§ **Given entries**
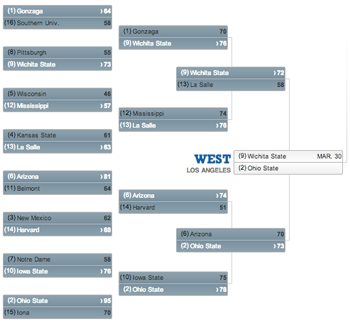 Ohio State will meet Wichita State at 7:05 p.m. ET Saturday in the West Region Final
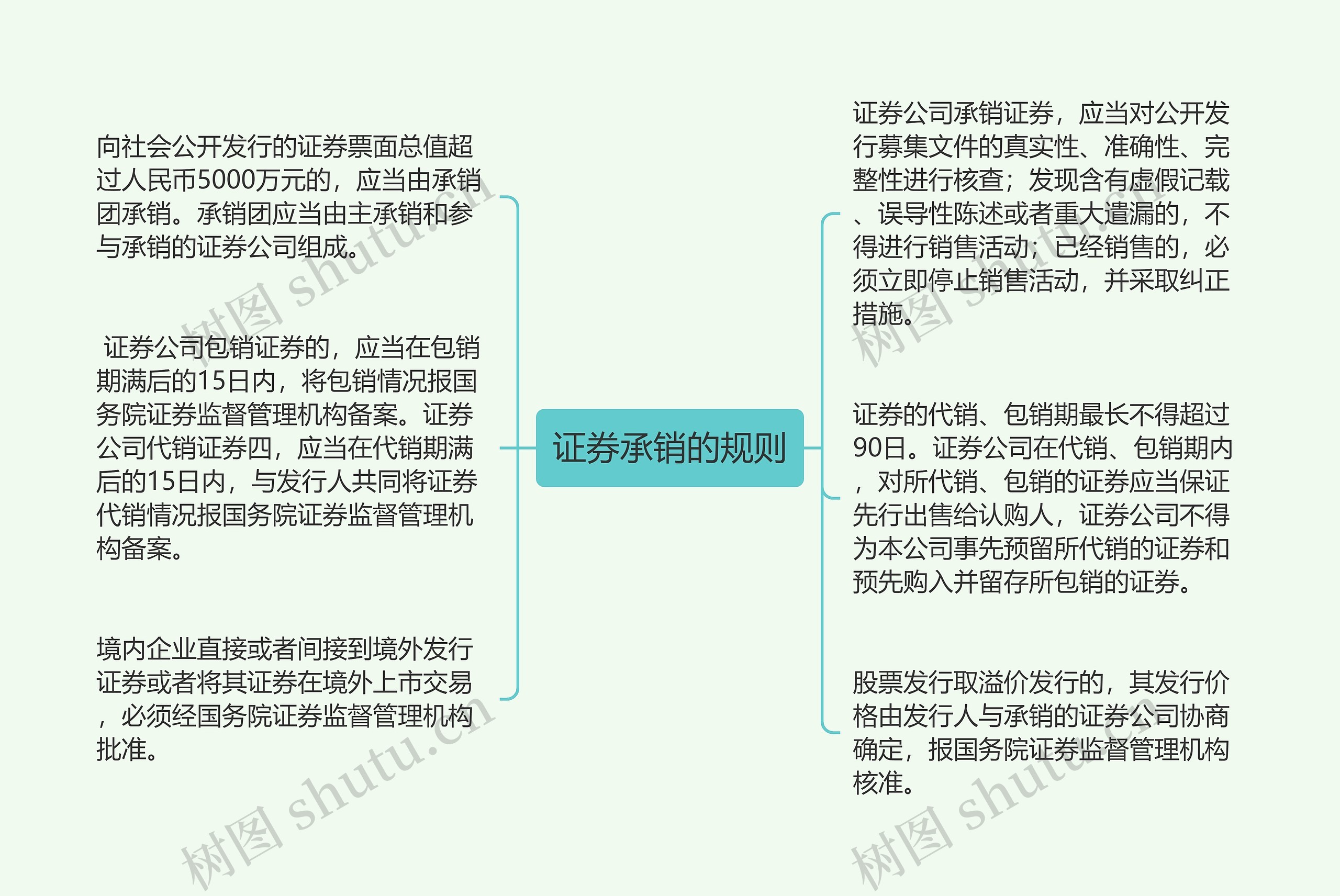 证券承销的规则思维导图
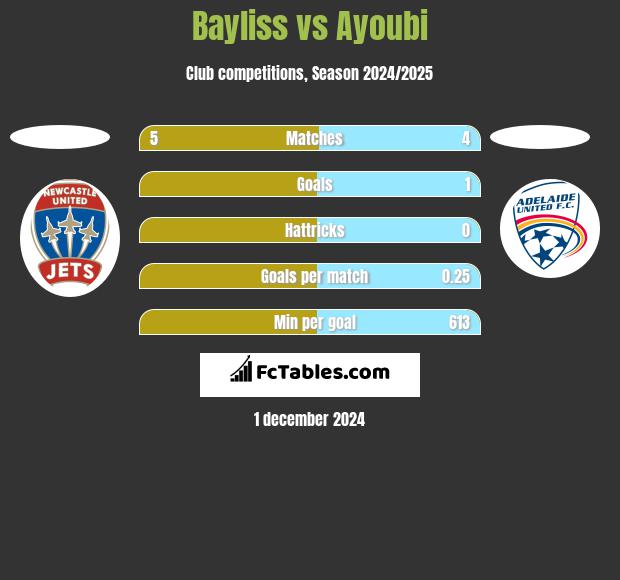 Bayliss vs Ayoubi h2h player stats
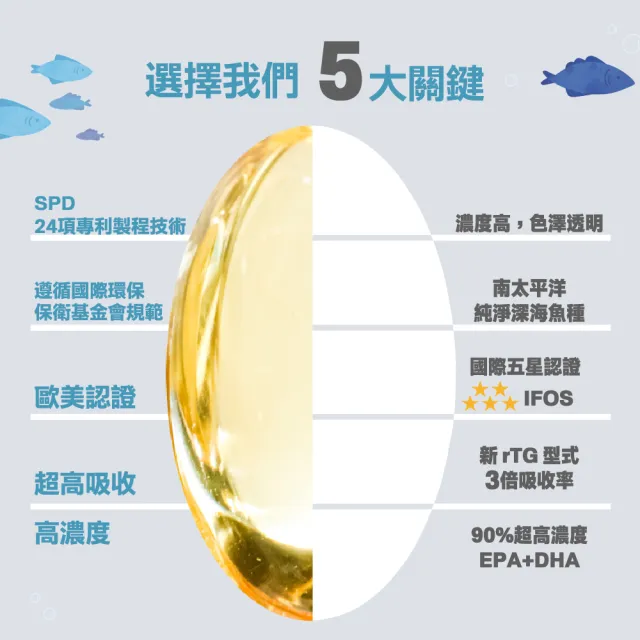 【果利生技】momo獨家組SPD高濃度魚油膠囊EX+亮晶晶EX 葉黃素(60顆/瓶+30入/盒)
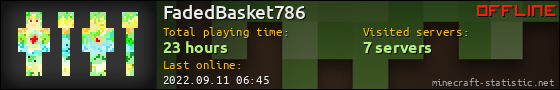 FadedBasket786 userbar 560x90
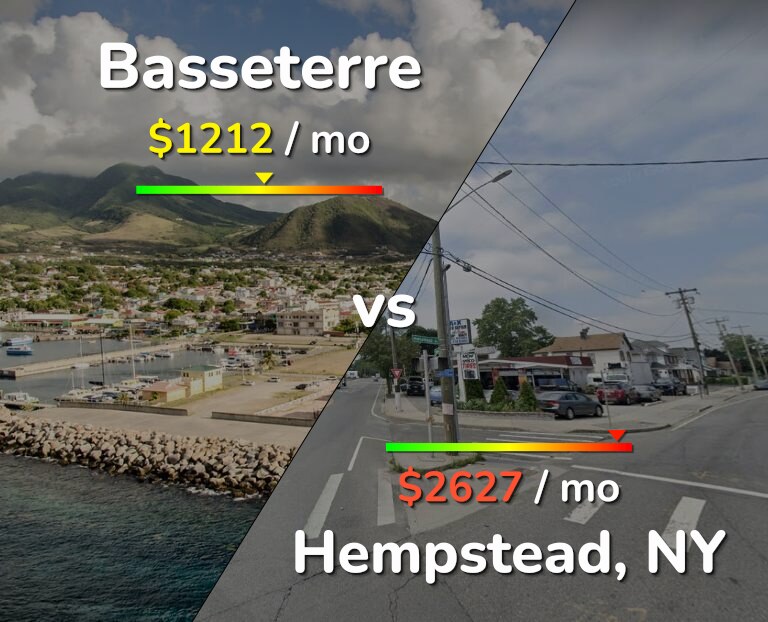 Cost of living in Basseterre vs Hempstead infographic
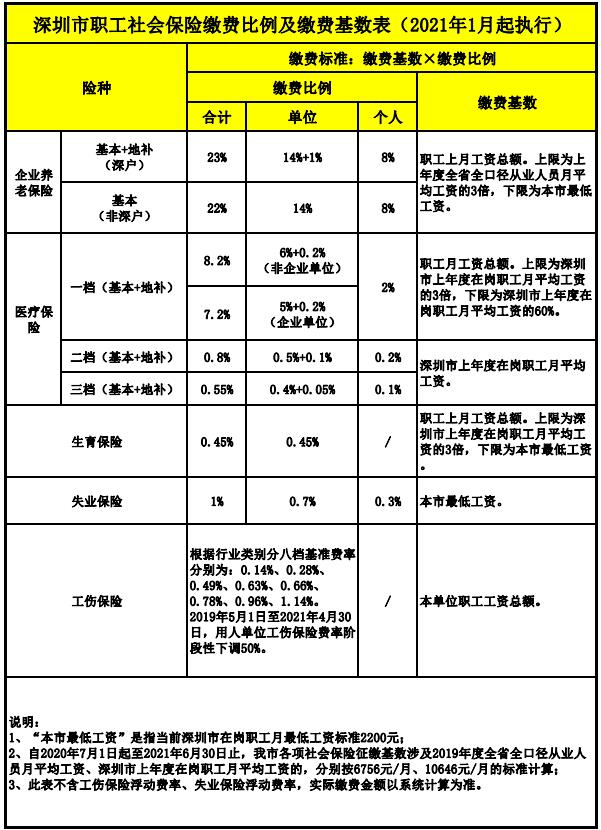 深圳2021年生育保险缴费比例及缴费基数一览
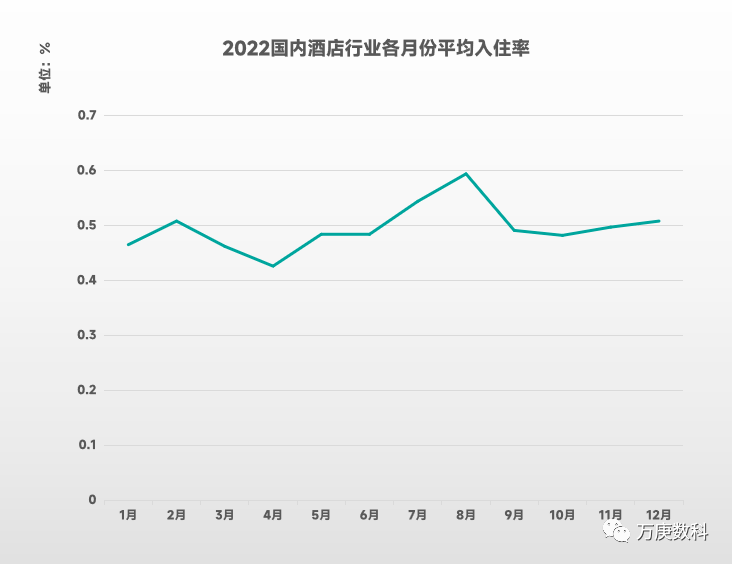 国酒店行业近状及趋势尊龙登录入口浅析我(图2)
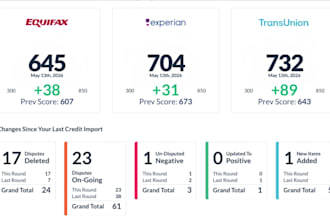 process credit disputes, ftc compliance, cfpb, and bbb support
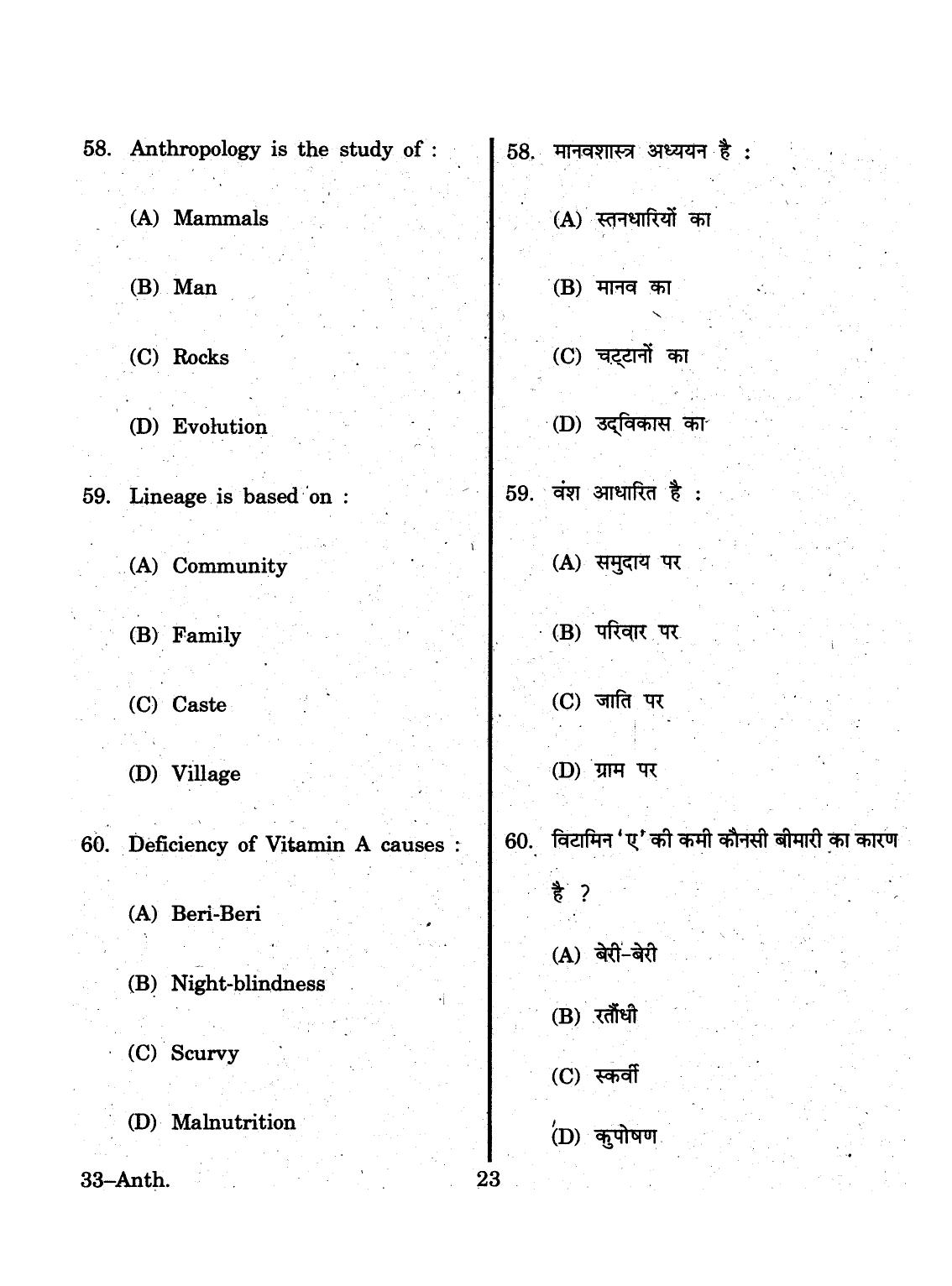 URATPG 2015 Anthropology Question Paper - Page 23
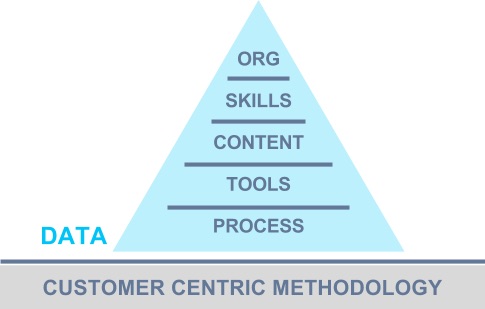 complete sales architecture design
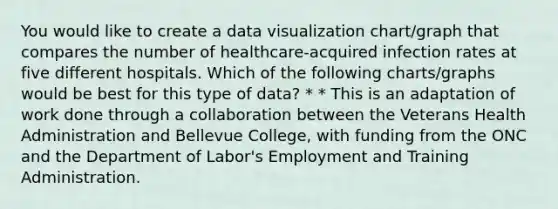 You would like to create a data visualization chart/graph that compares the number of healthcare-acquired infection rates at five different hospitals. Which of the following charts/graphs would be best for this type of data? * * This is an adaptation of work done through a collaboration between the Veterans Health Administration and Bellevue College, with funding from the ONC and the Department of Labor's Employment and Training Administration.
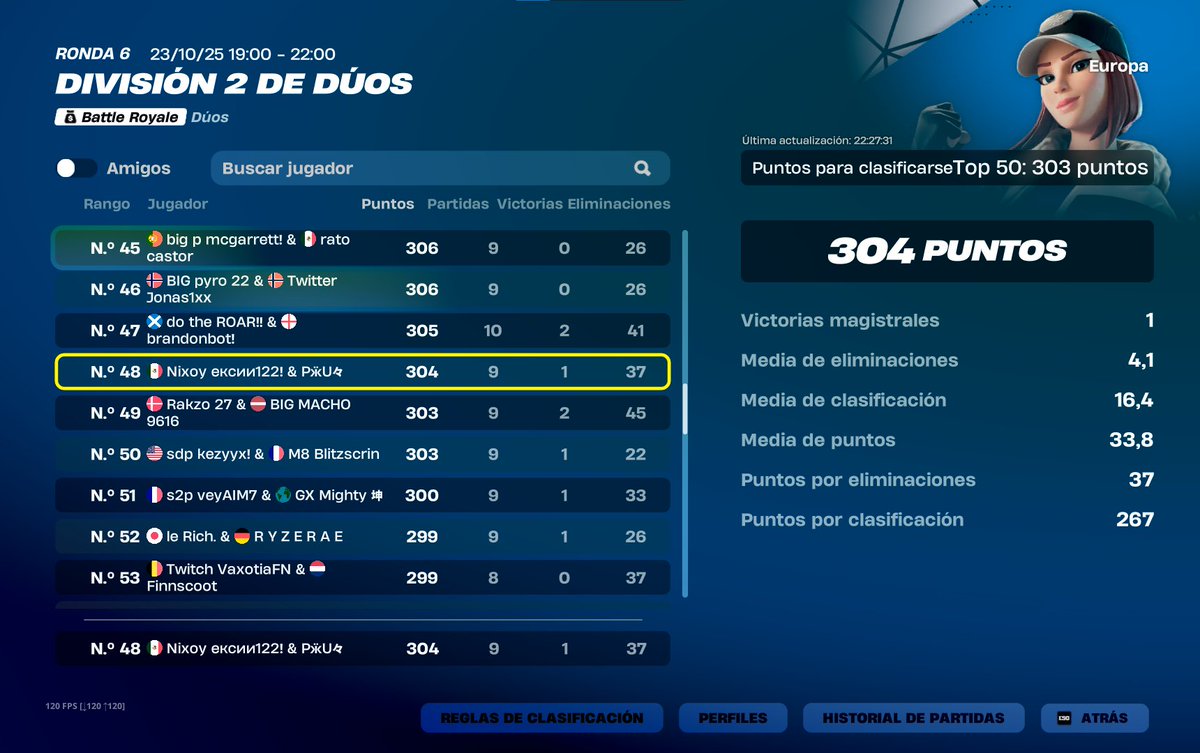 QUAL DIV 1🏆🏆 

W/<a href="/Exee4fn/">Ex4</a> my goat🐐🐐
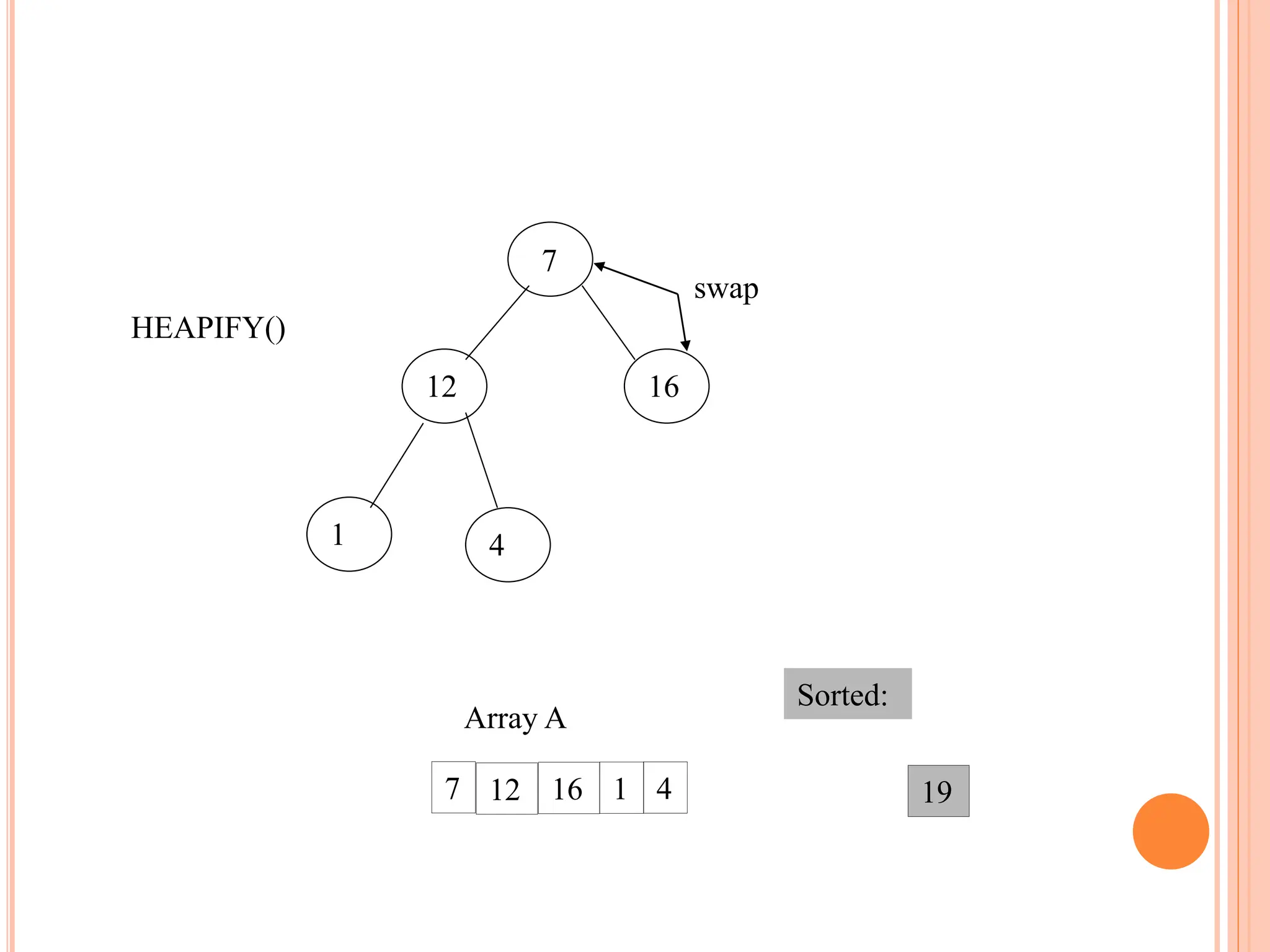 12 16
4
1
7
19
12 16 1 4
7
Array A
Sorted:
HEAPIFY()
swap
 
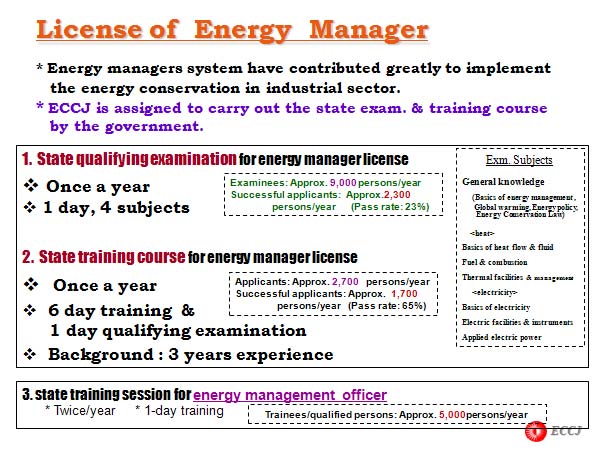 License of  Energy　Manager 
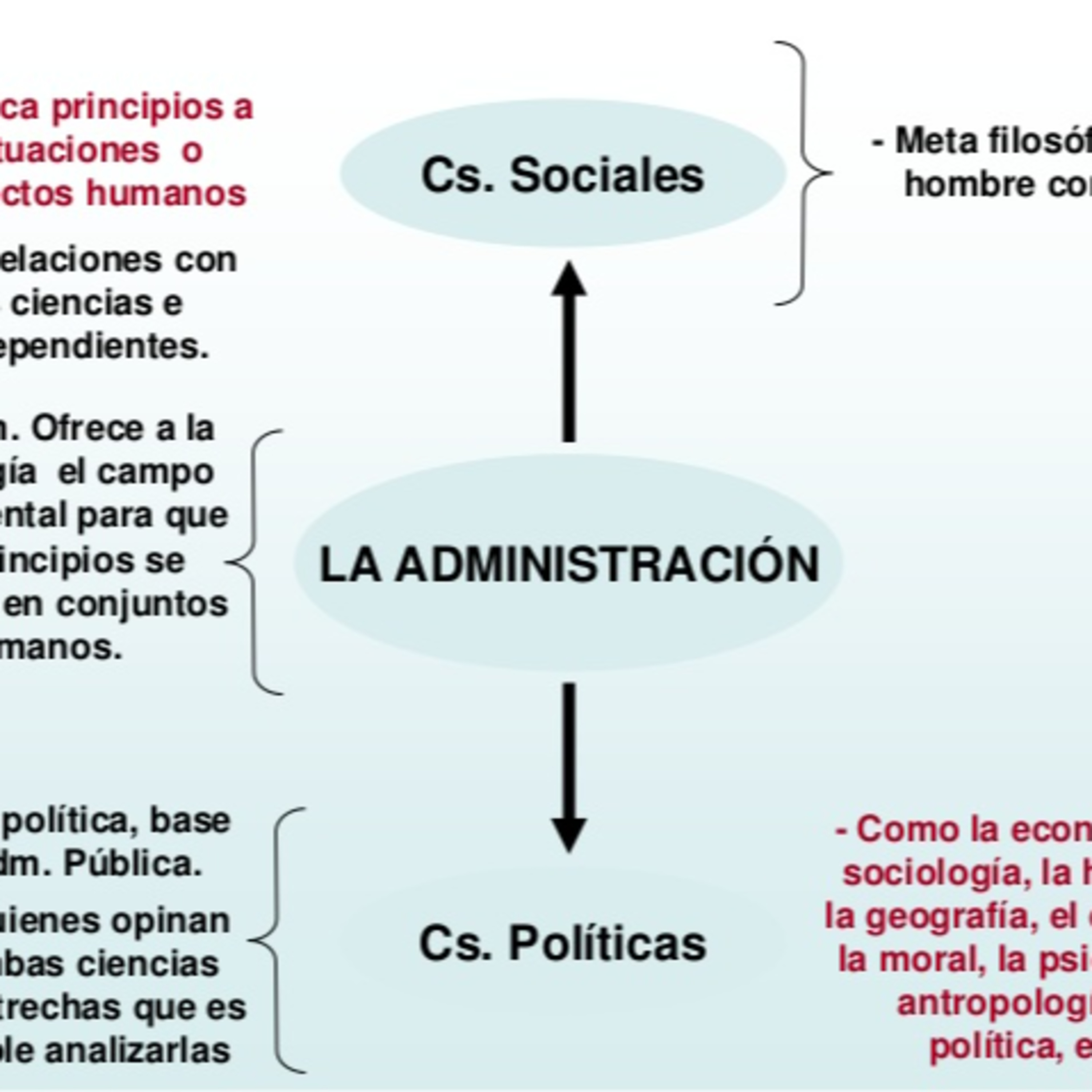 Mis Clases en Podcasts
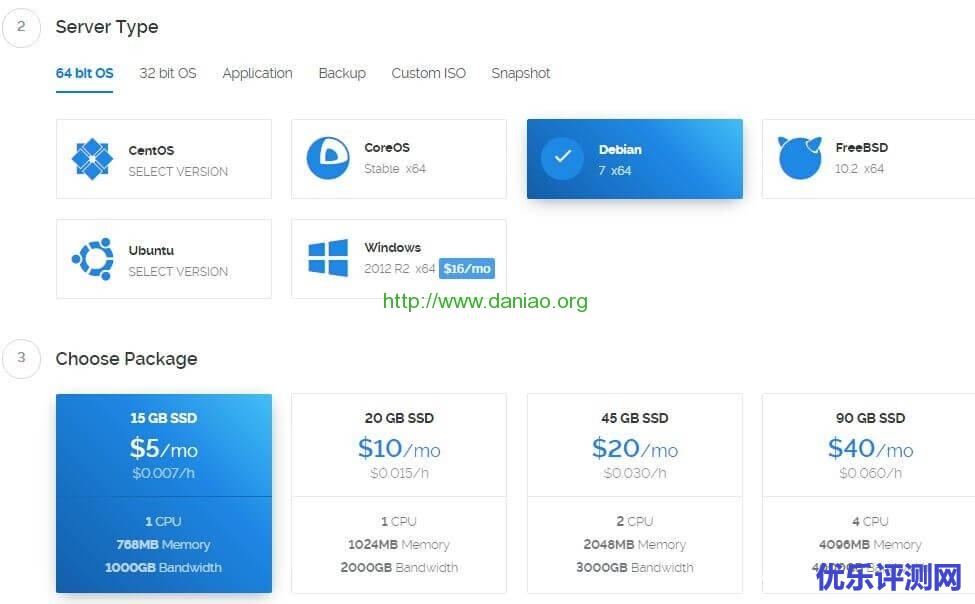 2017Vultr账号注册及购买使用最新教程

§ **What the task requires**
No picture belongs in the copy. Print every entry above exactly as it stands.

§ **Exercise response**
 Ohio State will meet Wichita State at 7:05 p.m. ET Saturday in the West Region Final
 证券承销的规则思维导图
 Bayliss vs Ayoubi h2h player stats
 【果利生技】momo獨家組SPD高濃度魚油膠囊EX+亮晶晶EX 葉黃素(60顆/瓶+30入/盒)
 FadedBasket786 userbar 560x90
 Cost of living in Basseterre vs Hempstead infographic
 深圳2021年生育保险缴费比例及缴费基数一览
 国酒店行业近状及趋势尊龙登录入口浅析我(图2)
 process credit disputes, ftc compliance, cfpb, and bbb support
 URATPG 2015 Anthropology Question Paper - Page 23
 complete sales architecture design
 You would like to create a data visualization chart/graph that compares the number of healthcare-acquired infection rates at five different hospitals. Which of the following charts/graphs would be best for this type of data? * * This is an adaptation of work done through a collaboration between the Veterans Health Administration and Bellevue College, with funding from the ONC and the Department of Labor's Employment and Training Administration.
 QUAL DIV 1🏆🏆 

W/<a href="/Exee4fn/">Ex4</a> my goat🐐🐐
 12 16
4
1
7
19
12 16 1 4
7
Array A
Sorted:
HEAPIFY()
swap
 
 License of  Energy　Manager 
 Mis Clases en Podcasts
 2017Vultr账号注册及购买使用最新教程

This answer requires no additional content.